[Stored records]
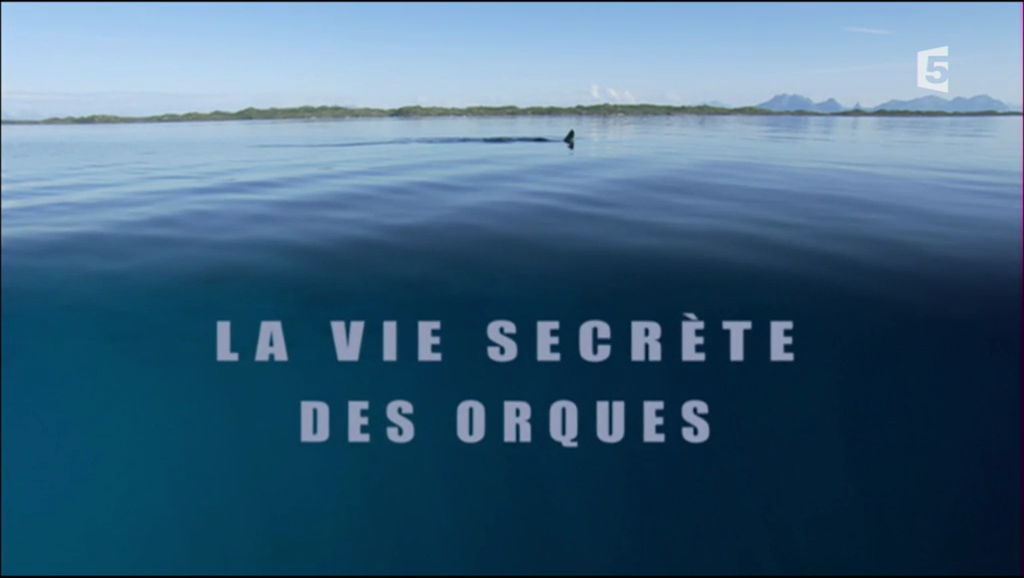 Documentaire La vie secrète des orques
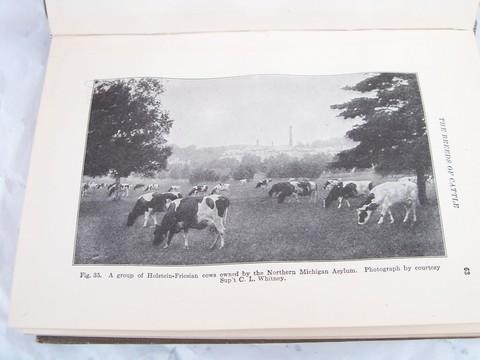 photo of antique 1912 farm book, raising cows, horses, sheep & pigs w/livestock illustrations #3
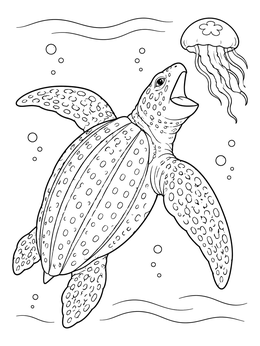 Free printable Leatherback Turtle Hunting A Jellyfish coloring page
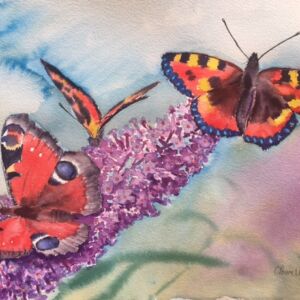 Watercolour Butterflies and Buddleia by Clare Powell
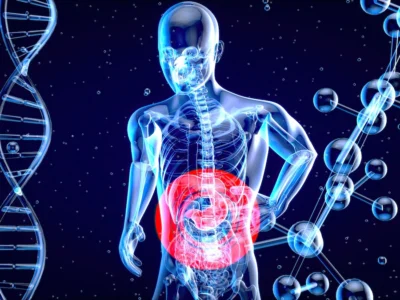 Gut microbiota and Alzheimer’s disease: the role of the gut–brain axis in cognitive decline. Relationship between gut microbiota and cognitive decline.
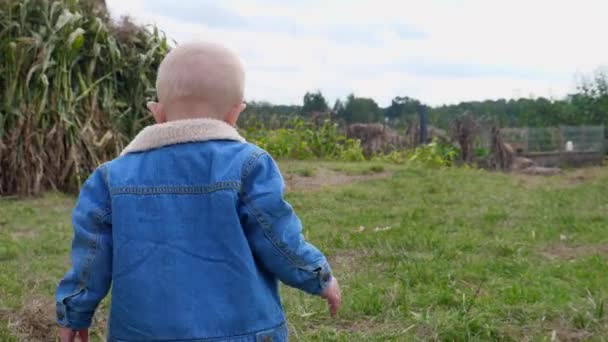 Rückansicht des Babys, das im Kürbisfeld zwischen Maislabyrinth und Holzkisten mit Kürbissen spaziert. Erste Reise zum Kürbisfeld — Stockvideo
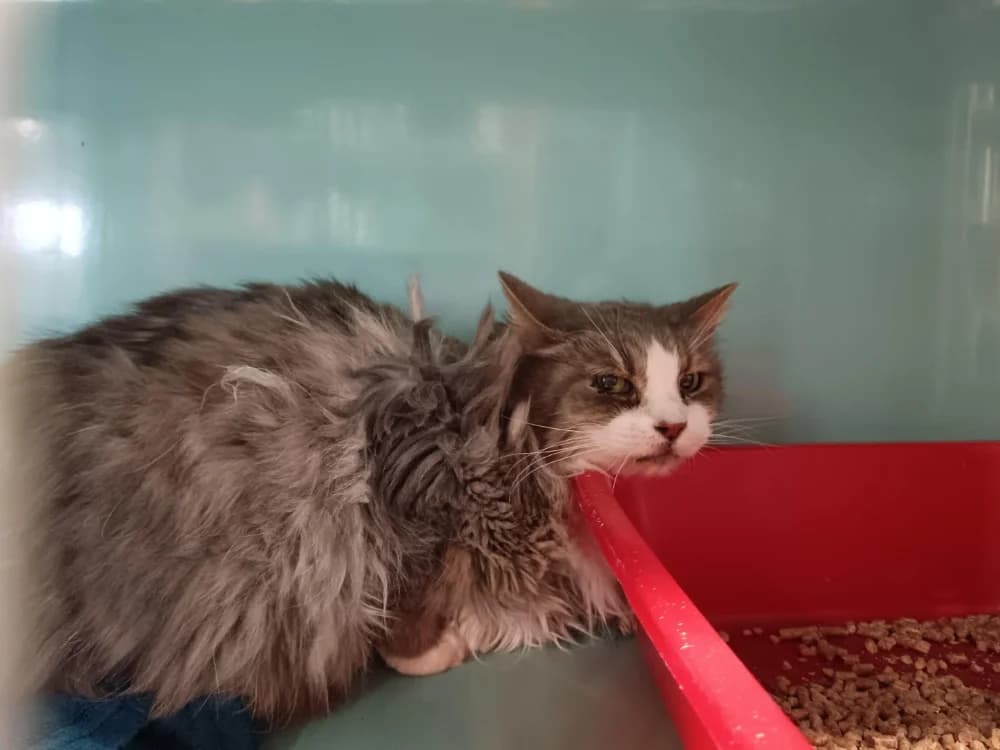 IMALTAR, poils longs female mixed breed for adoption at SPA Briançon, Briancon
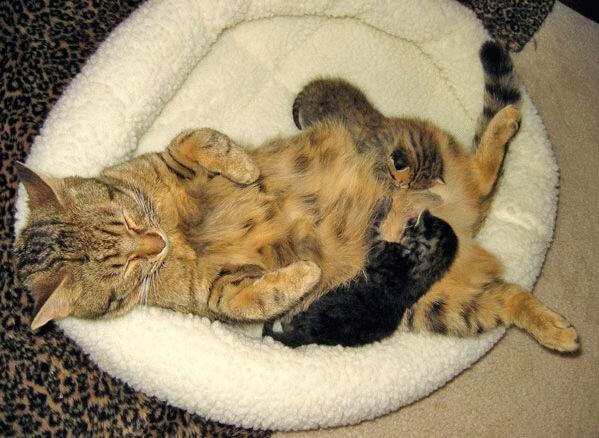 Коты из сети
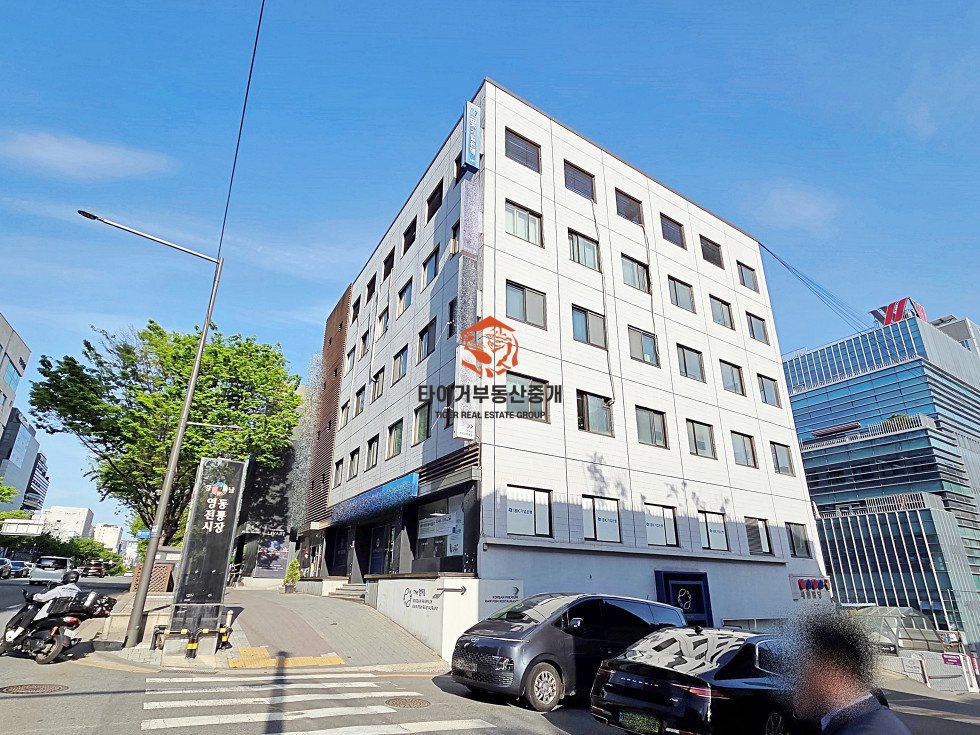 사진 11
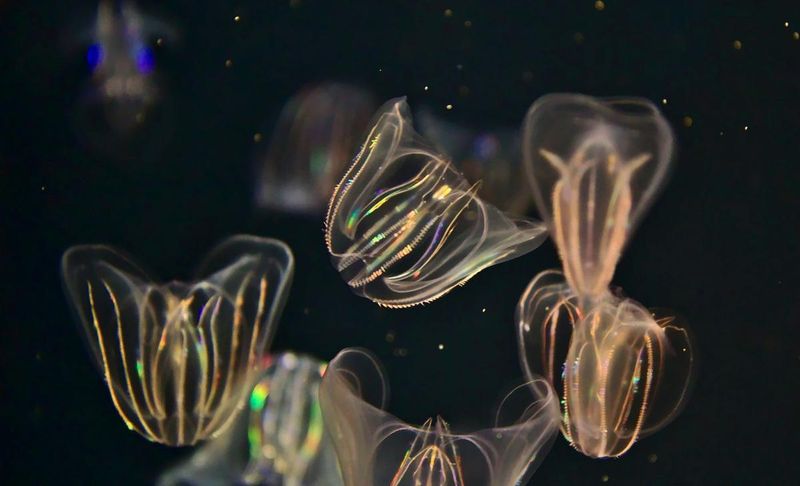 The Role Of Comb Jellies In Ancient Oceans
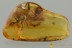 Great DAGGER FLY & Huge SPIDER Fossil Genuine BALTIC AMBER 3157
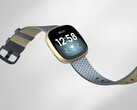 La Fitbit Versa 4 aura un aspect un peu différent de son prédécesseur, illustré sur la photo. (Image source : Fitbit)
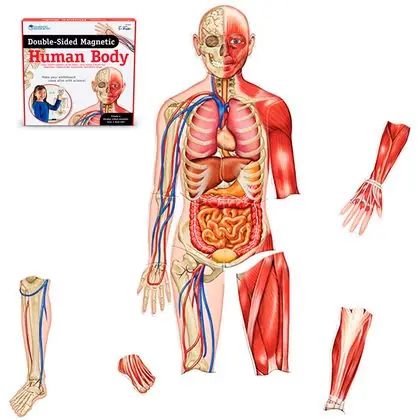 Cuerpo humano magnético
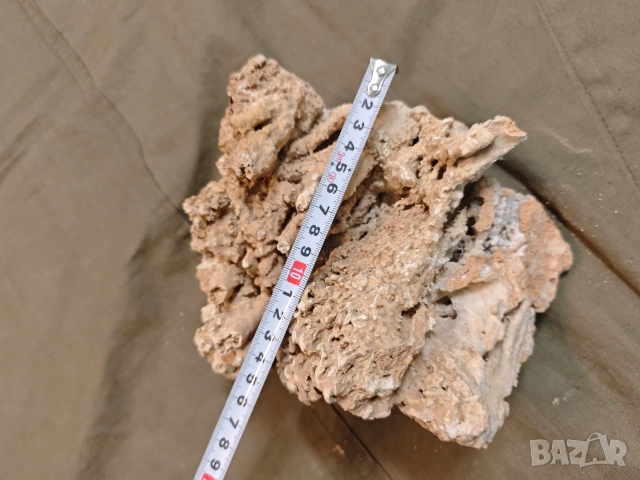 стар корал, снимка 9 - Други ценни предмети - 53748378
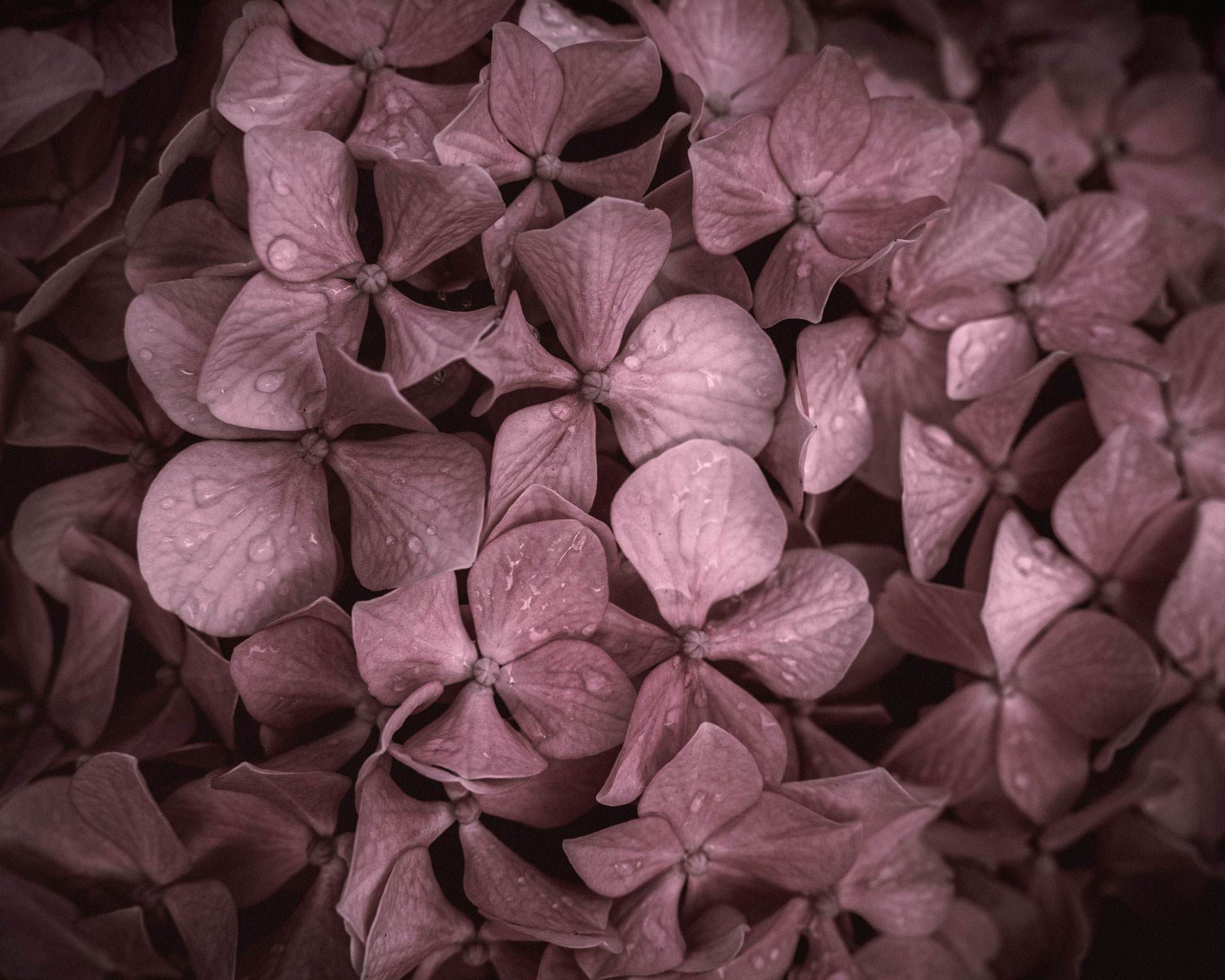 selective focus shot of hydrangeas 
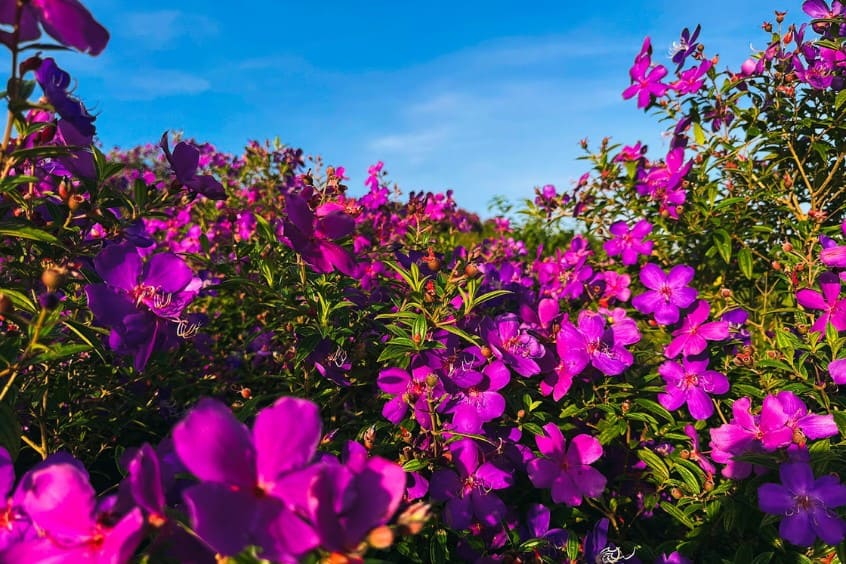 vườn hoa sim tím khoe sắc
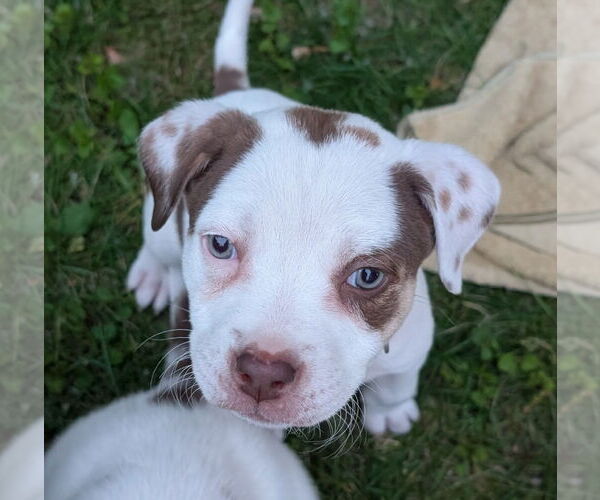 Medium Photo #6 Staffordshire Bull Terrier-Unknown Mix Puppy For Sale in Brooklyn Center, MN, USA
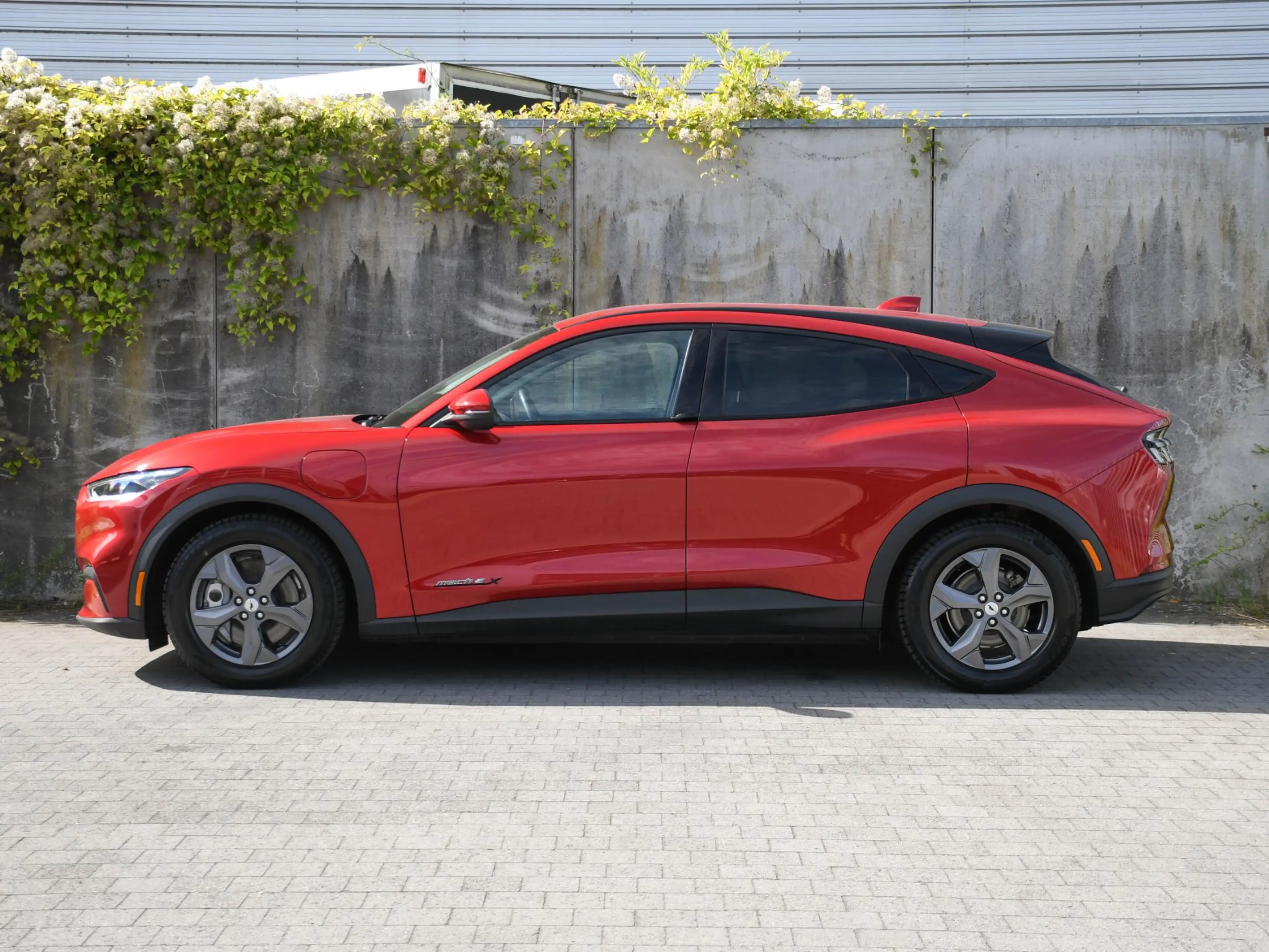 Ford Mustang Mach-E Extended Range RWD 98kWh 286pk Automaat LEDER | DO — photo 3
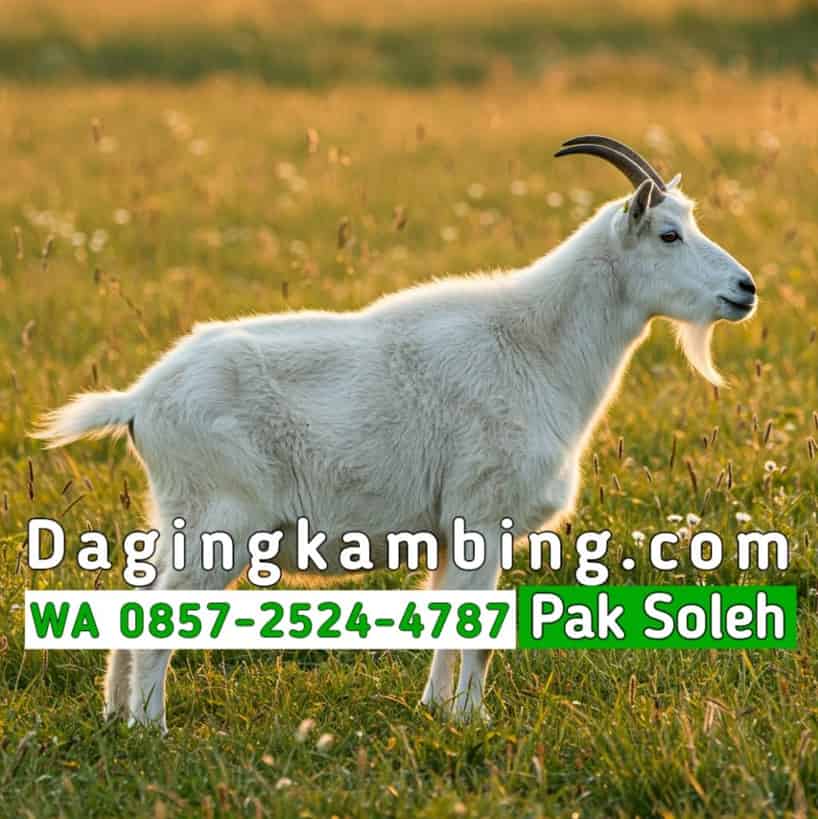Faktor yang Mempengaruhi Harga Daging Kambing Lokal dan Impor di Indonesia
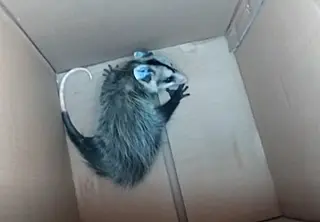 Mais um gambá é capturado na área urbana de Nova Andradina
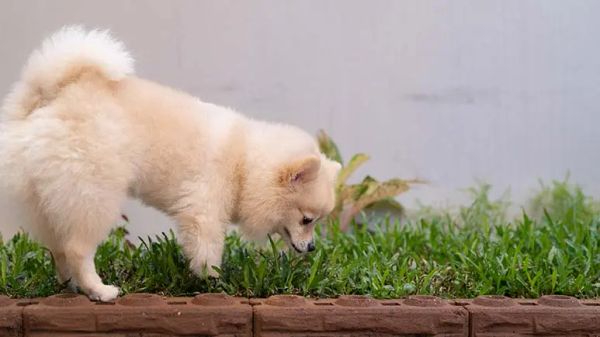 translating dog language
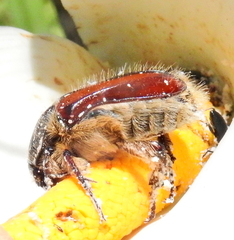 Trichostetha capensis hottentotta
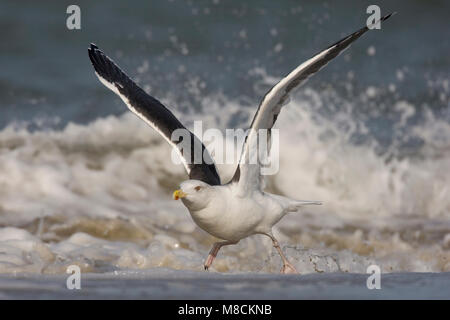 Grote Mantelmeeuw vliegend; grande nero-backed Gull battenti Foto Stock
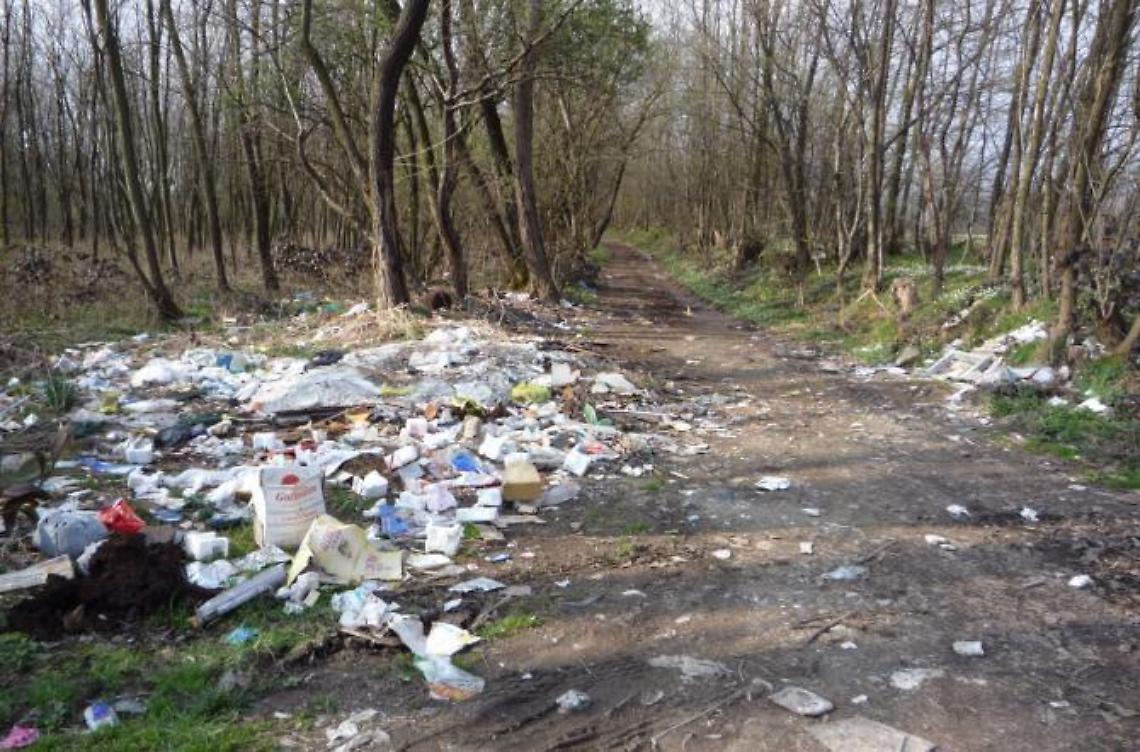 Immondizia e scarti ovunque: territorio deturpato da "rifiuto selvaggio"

EXERCISE
Copy the records exactly; no image should appear in the result.

RESULT
 Documentaire La vie secrète des orques
 photo of antique 1912 farm book, raising cows, horses, sheep & pigs w/livestock illustrations #3
 Free printable Leatherback Turtle Hunting A Jellyfish coloring page
 Watercolour Butterflies and Buddleia by Clare Powell
 Gut microbiota and Alzheimer’s disease: the role of the gut–brain axis in cognitive decline. Relationship between gut microbiota and cognitive decline.
 Rückansicht des Babys, das im Kürbisfeld zwischen Maislabyrinth und Holzkisten mit Kürbissen spaziert. Erste Reise zum Kürbisfeld — Stockvideo
 IMALTAR, poils longs female mixed breed for adoption at SPA Briançon, Briancon
 Коты из сети
 사진 11
 The Role Of Comb Jellies In Ancient Oceans
 Great DAGGER FLY & Huge SPIDER Fossil Genuine BALTIC AMBER 3157
 La Fitbit Versa 4 aura un aspect un peu différent de son prédécesseur, illustré sur la photo. (Image source : Fitbit)
 Cuerpo humano magnético
 стар корал, снимка 9 - Други ценни предмети - 53748378
 selective focus shot of hydrangeas 
 vườn hoa sim tím khoe sắc
 Medium Photo #6 Staffordshire Bull Terrier-Unknown Mix Puppy For Sale in Brooklyn Center, MN, USA
 Ford Mustang Mach-E Extended Range RWD 98kWh 286pk Automaat LEDER | DO — photo 3
Faktor yang Mempengaruhi Harga Daging Kambing Lokal dan Impor di Indonesia
 Mais um gambá é capturado na área urbana de Nova Andradina
 translating dog language
 Trichostetha capensis hottentotta
 Grote Mantelmeeuw vliegend; grande nero-backed Gull battenti Foto Stock
 Immondizia e scarti ovunque: territorio deturpato da "rifiuto selvaggio"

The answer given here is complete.